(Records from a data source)
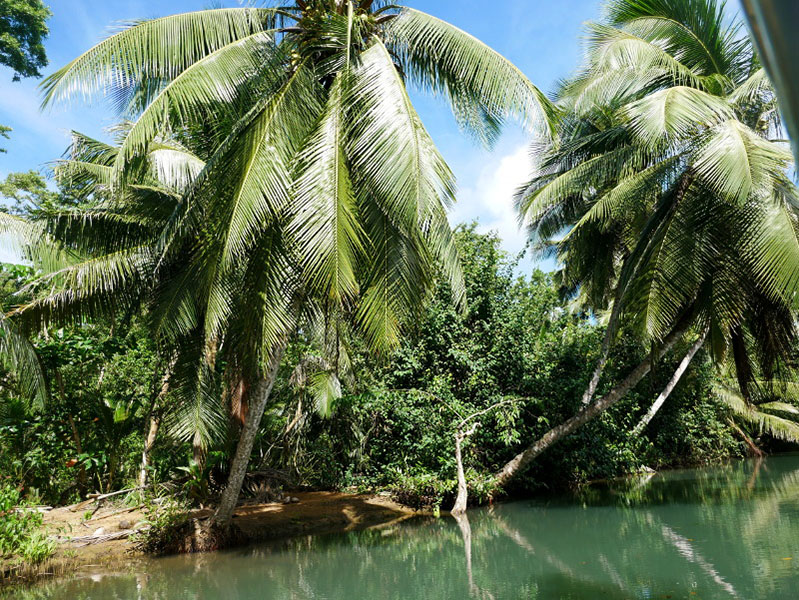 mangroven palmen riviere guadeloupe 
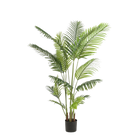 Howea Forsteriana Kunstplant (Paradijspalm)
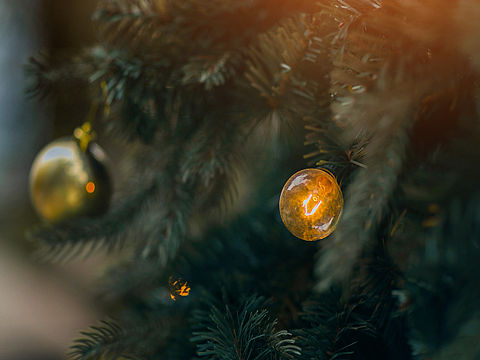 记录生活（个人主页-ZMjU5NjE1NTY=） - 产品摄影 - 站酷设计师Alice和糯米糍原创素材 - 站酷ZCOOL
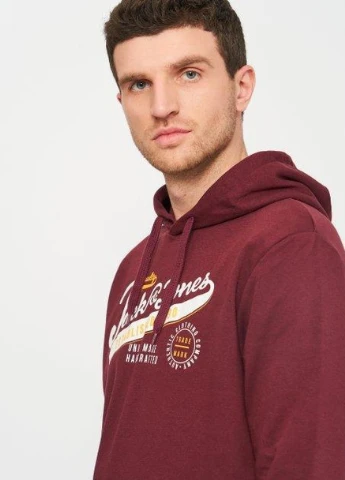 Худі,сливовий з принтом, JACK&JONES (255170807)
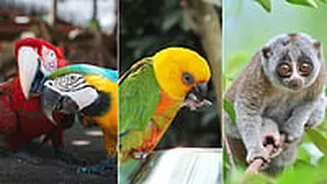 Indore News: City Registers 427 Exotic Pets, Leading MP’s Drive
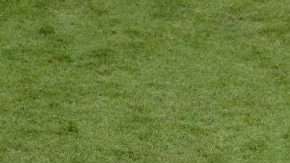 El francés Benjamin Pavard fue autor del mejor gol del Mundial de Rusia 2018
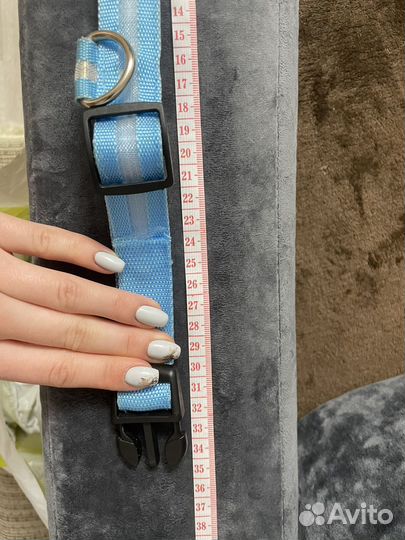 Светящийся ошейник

WHAT TO WORK ON —
The task calls for every record to be transcribed exactly, with no images included.

WRITTEN SOLUTION —
 mangroven palmen riviere guadeloupe 
 Howea Forsteriana Kunstplant (Paradijspalm)
 记录生活（个人主页-ZMjU5NjE1NTY=） - 产品摄影 - 站酷设计师Alice和糯米糍原创素材 - 站酷ZCOOL
 Худі,сливовий з принтом, JACK&JONES (255170807)
 Indore News: City Registers 427 Exotic Pets, Leading MP’s Drive
 El francés Benjamin Pavard fue autor del mejor gol del Mundial de Rusia 2018
 Светящийся ошейник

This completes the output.